SITRANET is devoted to develop a new generation of training equipment, based on simulation and virtual reality, designed to support logistics companies. Not only will this project create simulators for crane operators and truck drivers, it will also reduce training costs while improving safety and efficiency.
The SI.TRA.NE.T. (Simulation Training-Networking for Equal opportunities in Transport) project, utilizing the authors' extensive training experience on simulation systems, sets up a training system that enhances prevention in high-risk activities, such as handling particularly heavy loads using hoisting equipment (such as container cranes). It also makes it easier for those people who would find it difficult to gain access to or be retrained in the specific work areas to enter the profession.
Ideally, using this type of tool, based on such innovative technologies, would drastically lower costs, allowing it to be significantly extended throughout the sector.
It should be noted that, at the present time, for what concerns gantry crane simulators, very few systems are operational (1 in Genoa, Italy, out of 2 available in the country, 1 in Le Havre, France, 2-3 in Holland, etc.) given that it costs around one million dollars and more than 100,000 for maintenance. Obviously, this greatly restricts the potential user market.

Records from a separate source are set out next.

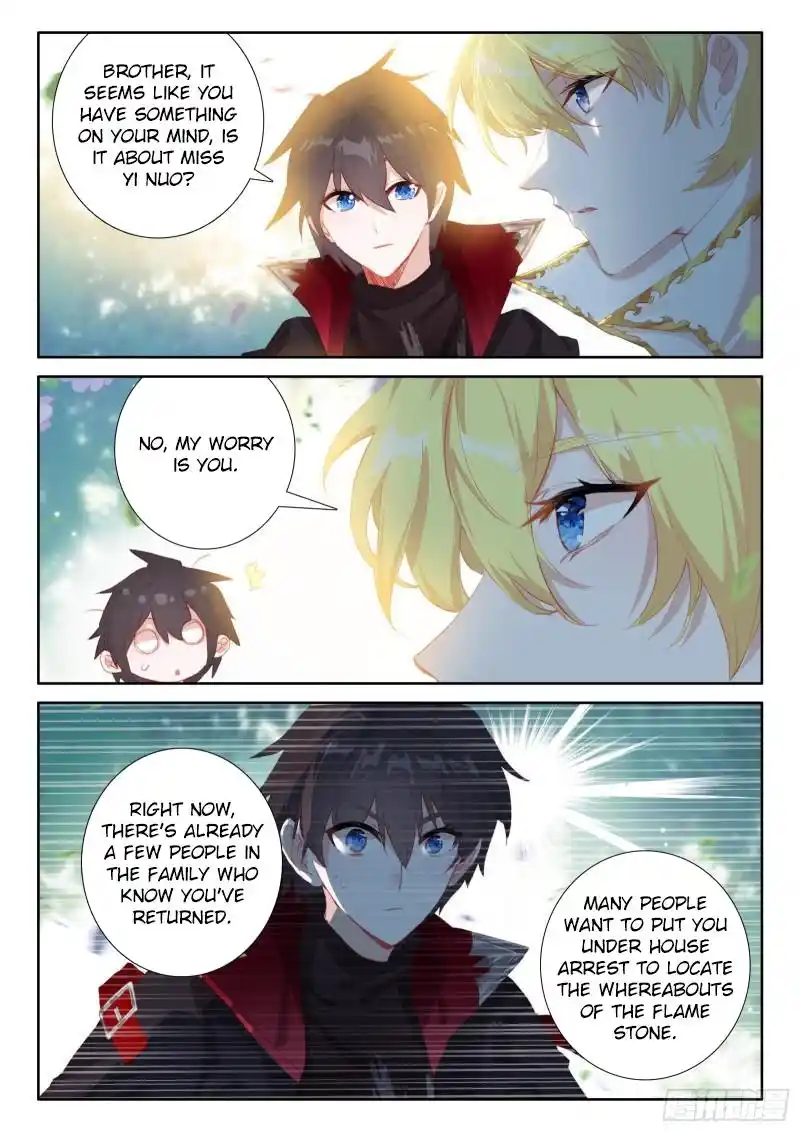 The Magic Chef Of Ice And Fire Chapter 119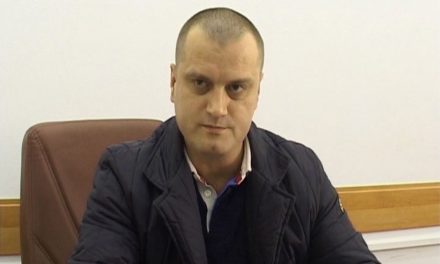 Teodosie-Gabriel Marinov, noul subprefect al judeţului Tulcea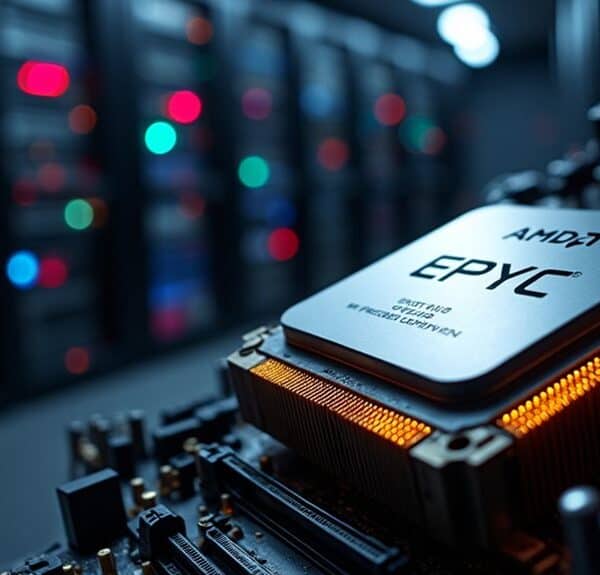 revolutionizing networking and storage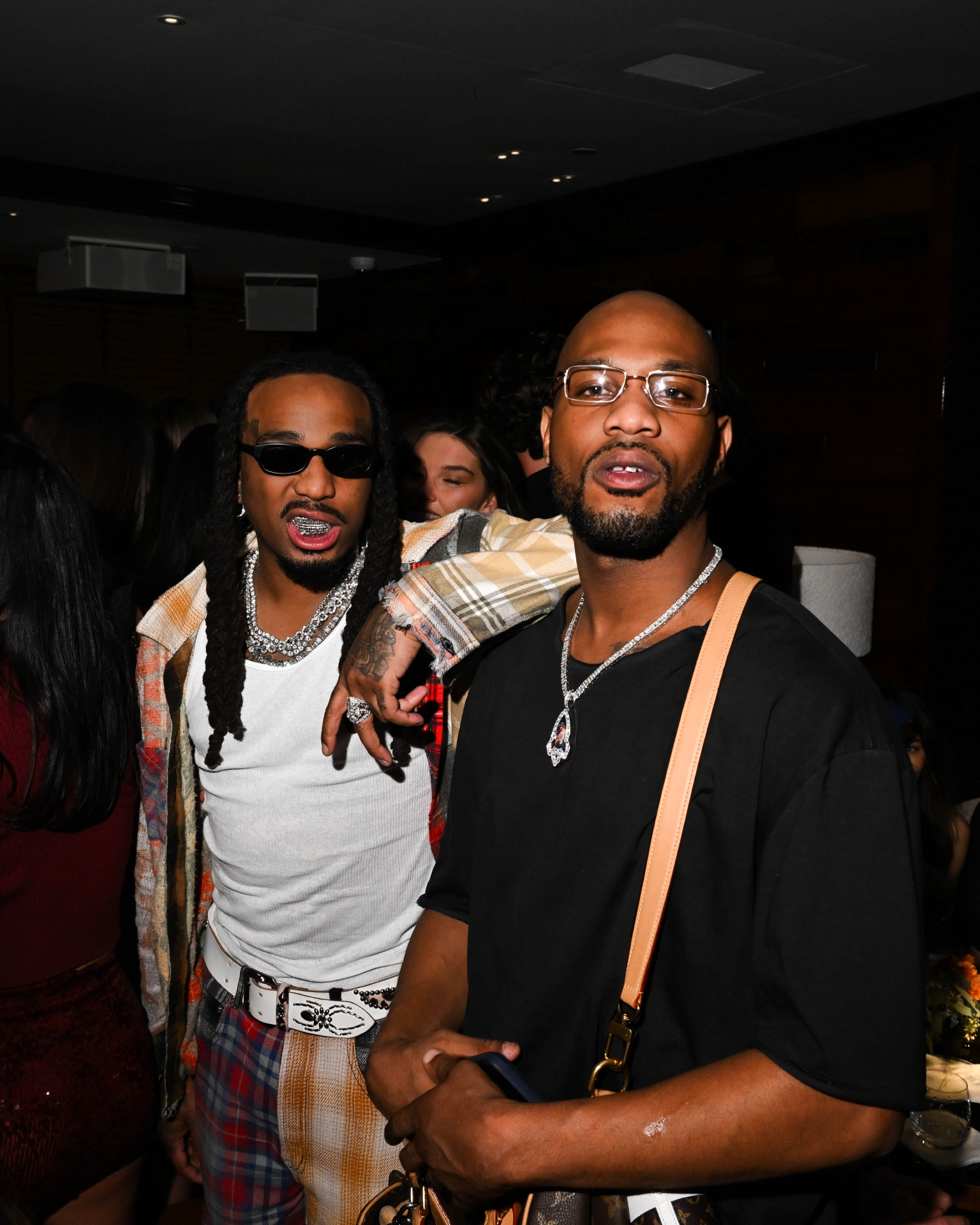 The Living Room by Cipriani Debuts in Miami With Art Basel Party and Cultural A-Listers was posted to the gallery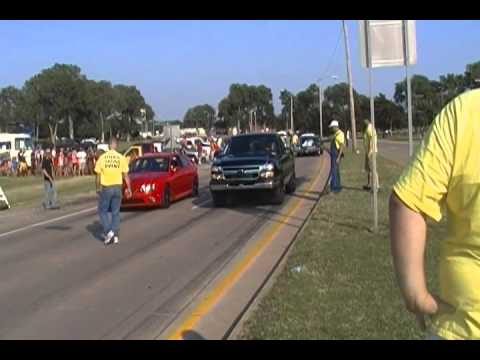 Phantom breaks the rear end in The Black Truck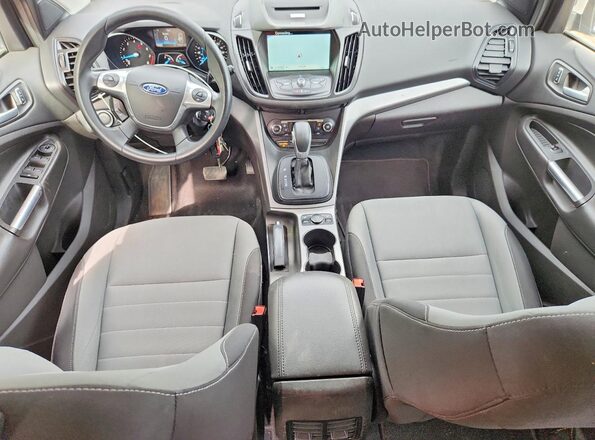 1FMCU9GX8GUB76897 2016 FORD ESCAPE White 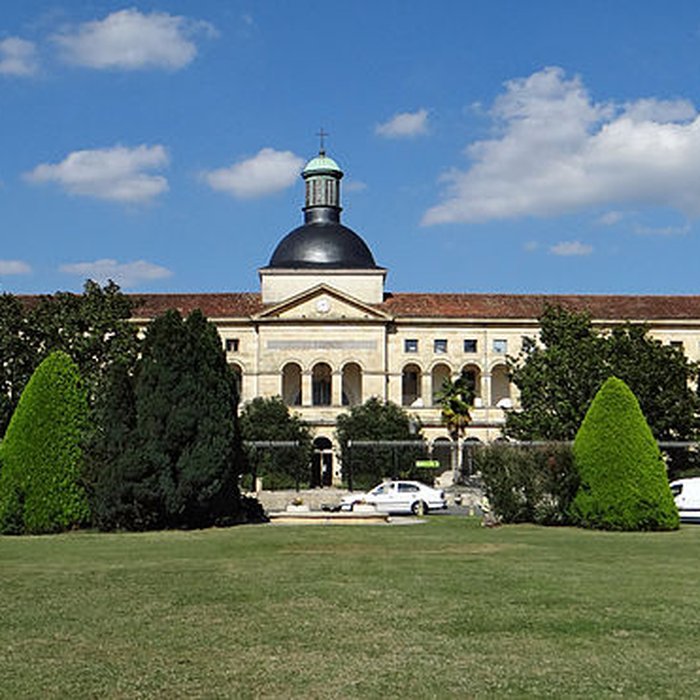 Photo de Hôpital Saint-Cyr de Villeneuve-sur-Lot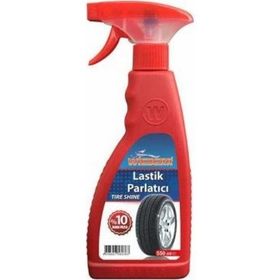 Wieberr 550 ml Lastik Parlatıcı
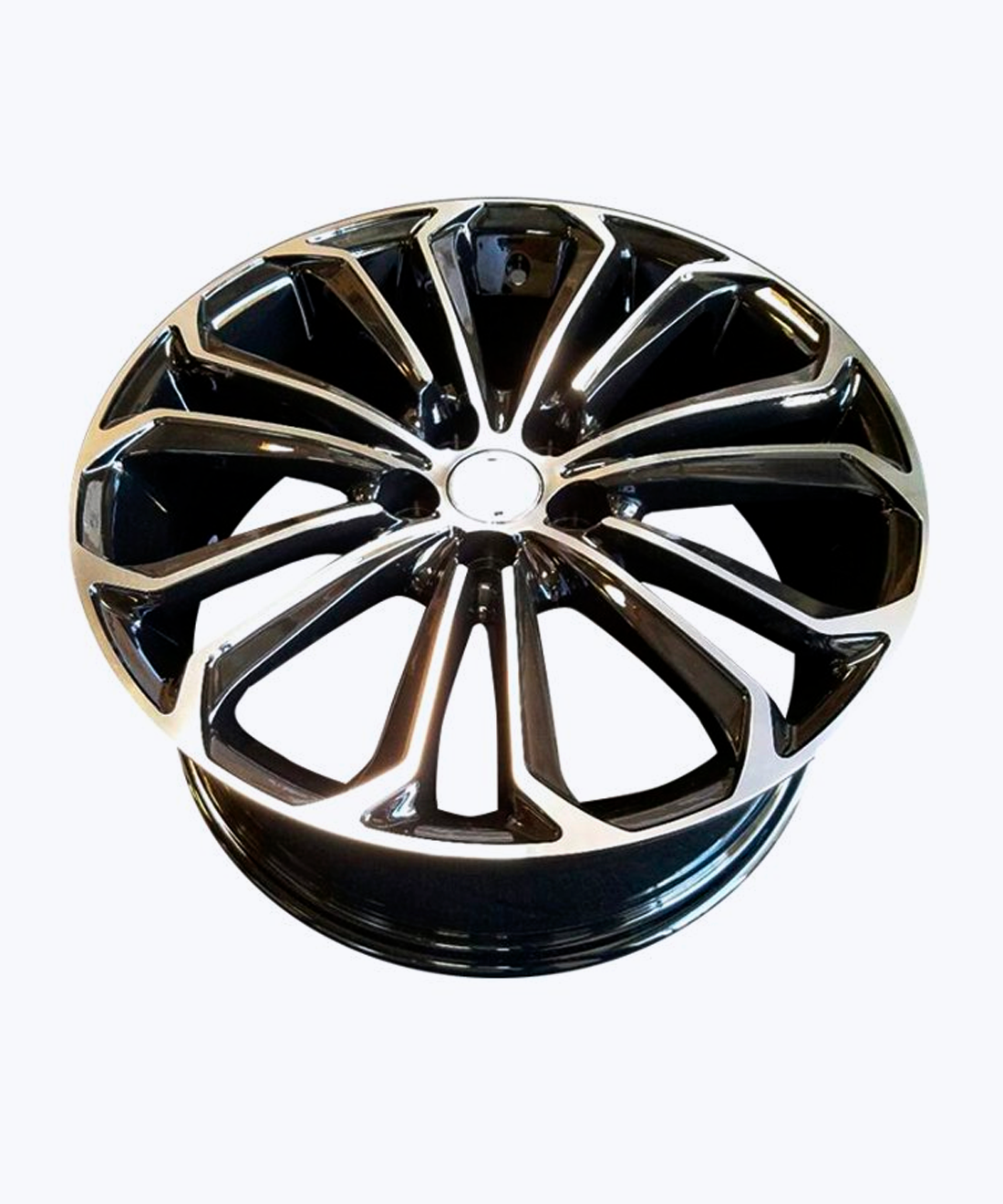 Chrome wheels rims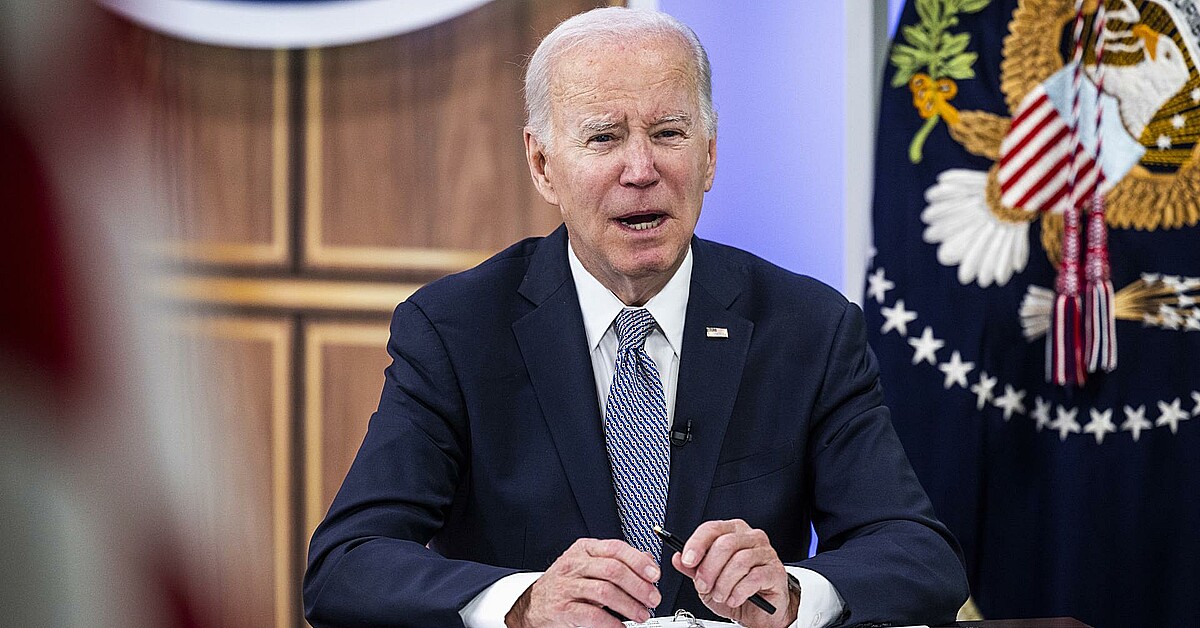 Biden readies executive order to limit asylum and close the southwest ...
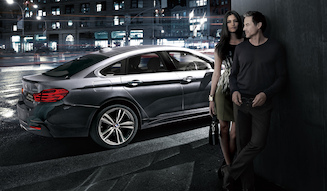 BMW 4 Series Gran Coupe IN STYLE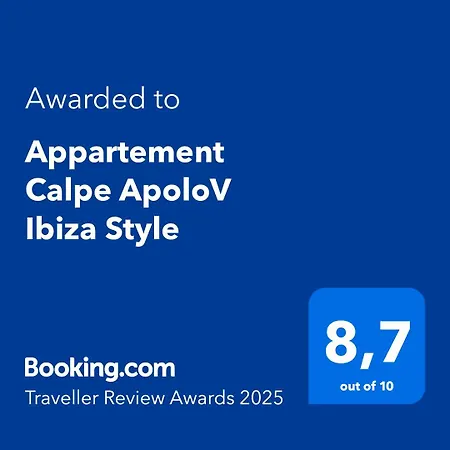 Apartamento Apolov Ibiza Style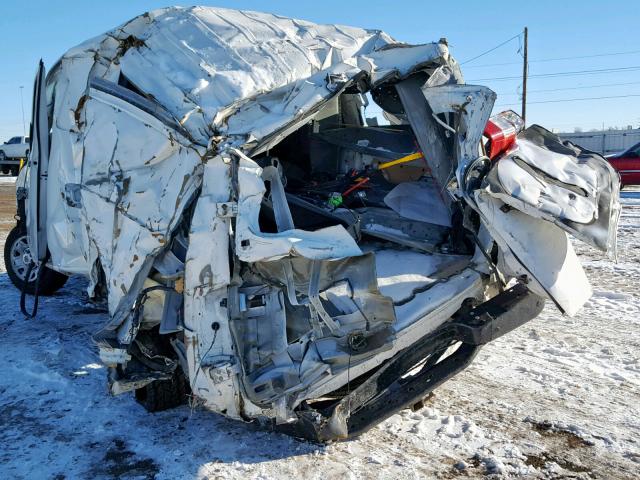 1N6AF0KY2GN804476 - 2016 NISSAN NV 2500 S WHITE photo 3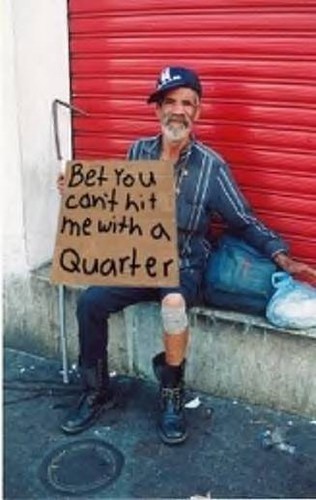 That's what's wrong with America.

In similar applications, such as truck crane activities, the problem resurfaces in a very analogous manner and the ratio between system cost (purchase and management) and operator financial capacities limits the widespread use of the simulator in this sector. The situation involving Truck simulators is quite emblematic: despite the significant savings in Switzerland resulting from the testing and adoption of army truck driver training simulators, these tools are almost non-existent on the private market and, in any case, economically and financially prohibitive for users.
Obviously, on the other hand, using this type of tool will reduce training costs (fundamental costs in all those situations where service efficiency must be guaranteed). There is also an obvious impact on safety as well as on the productivity of real plants that is drastically reduced when used for training.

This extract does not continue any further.